The parliament of Republic of Tunisia is a bicameral legislature with an upper and a lower house. The Chamber of Deputies (Majlis al-Nuwaab) is composed of 182 members, elected by universal suffrage for a five-year term of office. Twenty percent of the seats are allocated to opposition parties in proportion to the votes they receive in elections. The Chamber of Councilors (Majlis al-Mustasharin) was created as part of sweeping constitutional changes in May 2002, and has yet to hold its first session as of early 2004. The constitution dictates that the number of members to the Chamber of Councilors shall be set every six years, and shall not exceed two-thirds of the number of members of the Chamber of Deputies. The membership of the upper house will come from three sources. Each governorate will have one or two representatives according to population, to be elected indirectly by the municipal councils. One-third of the members will be elected by trade unions and professional associations on a national level, and the final third of the members will be appointed by the president from among well-known personalities.
A motion of censure against the government may be initiated if it is signed by at least half of the membership of the Chamber of Deputies. The actual vote on censure may not take place before 48 hours elapse. The motion is adopted by two-thirds of the parliament. If the parliament adopts a second motion of censure within the same legislative period, the president of the republic either accepts the resignation of the government or dissolves the parliament, calling for new elections within 30 days. Only the Chamber of Deputies may introduce a motion of censure or require the members of the government to appear for questioning.
Following the legislative elections of 1994, the lower house of the Tunisian parliament became a pluralistic institution whose members include opposition representatives. Prior to the latest parliamentary elections in October 1999, changes in the electoral law made it possible for smaller parties that were unsuccessful to have representation in the parliament. The number of women in parliament has also increased from 11 to 21.
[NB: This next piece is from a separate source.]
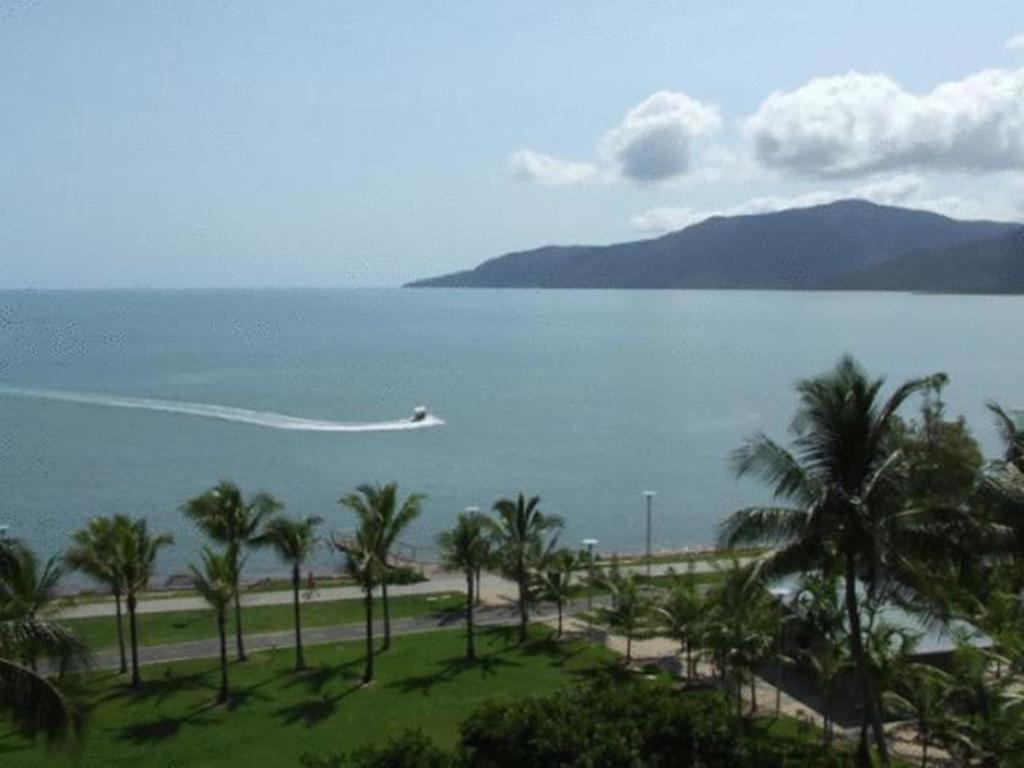 Coral Towers Holiday Suites Cairns Ngoại thất bức ảnh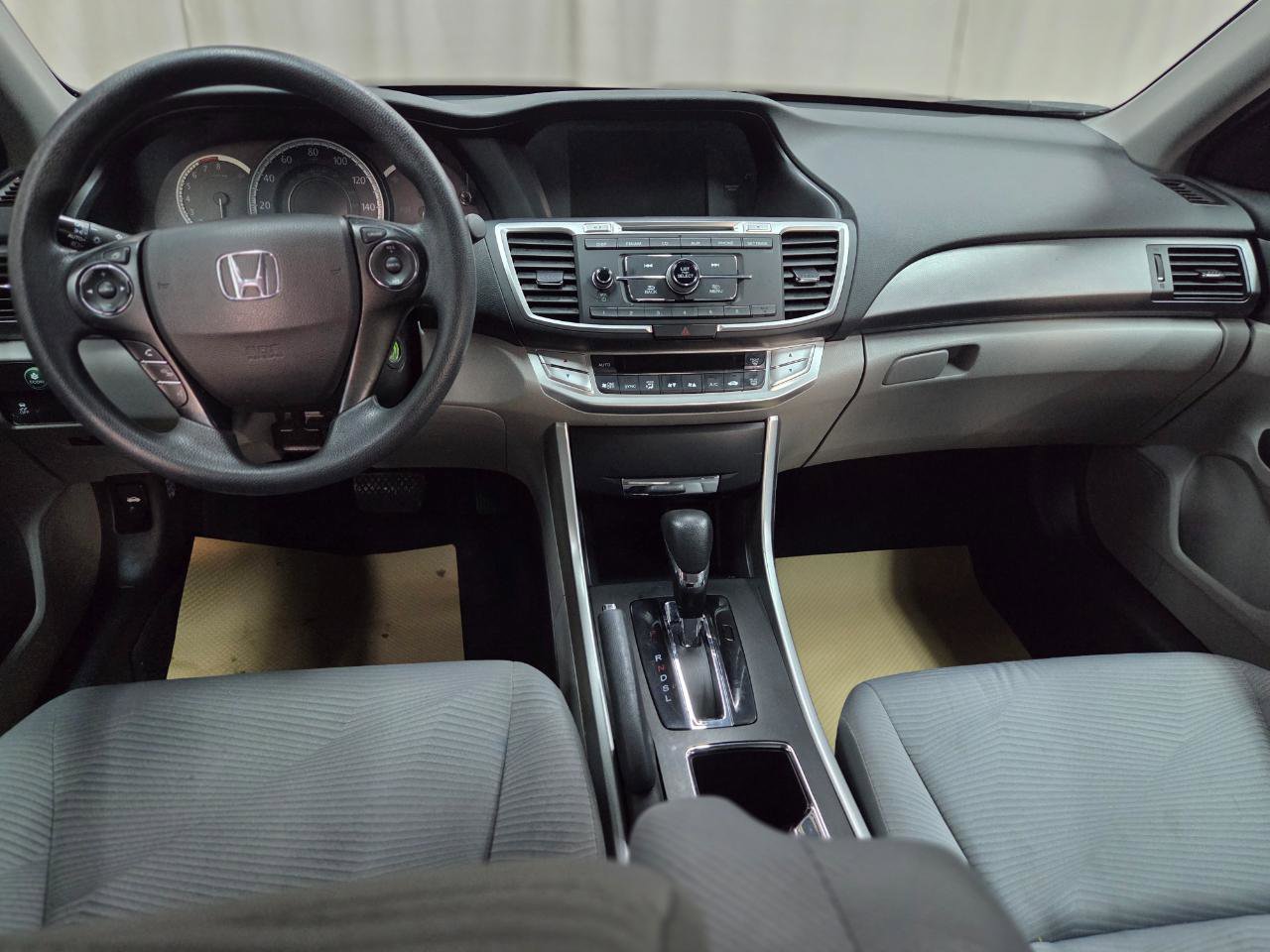 Used 2015 Honda Accord LX image 19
Sessions, Dissolution, State of Exception
The parliament shares legislative powers with the president of the republic. It meets each year in ordinary sessions, beginning in October and ending in July. The Chamber of Deputies elects its own president by secret majority vote of members for a one-year term. If the presidency of the republic falls vacant, the President of the Chamber of Deputies takes charge of state affairs temporarily for a period of 45 to 60 days. The current president of the parliament is Fouad Mebazaa. The secretary general is Farouk Aouadi.
Committee Structures and Membership
The parliament also elects permanent committees from among its members. During the vacation of the parliament, the president may, with the consent of the interested permanent committee, issue decree-laws, which must be submitted to the ratification by the parliament during the next ordinary session.
Legislative Drafting Processes
During its regular sessions parliament passes laws by absolute majority. Bills may be initiated either by the Chamber of Deputies or by the president. Bills introduced by the president are debated and voted on simultaneously in both houses. Bills initiated by the Chamber of Deputies must pass before being introduced into the Chamber of Councilors. The upper house cannot introduce legislation. In the case of substantive differences between bills passed by the Chamber of Deputies and the Chamber of Councilors, a committee is formed with representatives from each in order to resolve the differences. If no agreement can be reached, the version adopted by the Chamber of Deputies is submitted to the president. In the legislative process priority is given to bills presented by the president. The president of the republic may return a bill to the parliament for a second reading. If the bill is adopted by the parliament with a majority of two-thirds of its members, the law is promulgated and published within a second period of fifteen days. The law is published in the Official Journal of the Tunisian Republic within a maximum period of fifteen days, counting from the transmission by the president of the parliament. The parliament may authorize the president to issue decree-laws within a fixed time limit and for a specific purpose, but they must be submitted for ratification to the parliament upon expiration of that time limit.
The Minister Delegate to the Prime Minister in Charge of Human Rights, Communications, and Relations with the Chamber of Deputies coordinates the relationship between the executive and the legislative branches and oversees the parliament. No deputy can be arrested or prosecuted for the duration of his mandate. But in the event of flagrant crime the parliament may lift his/her immunity. The detention of a deputy may be suspended if the parliament so requests.
The Tunisian parliament is a member of both the Inter-Parliamentary Union (IPU) and the Arab Inter-Parliamentary Union (AIPU).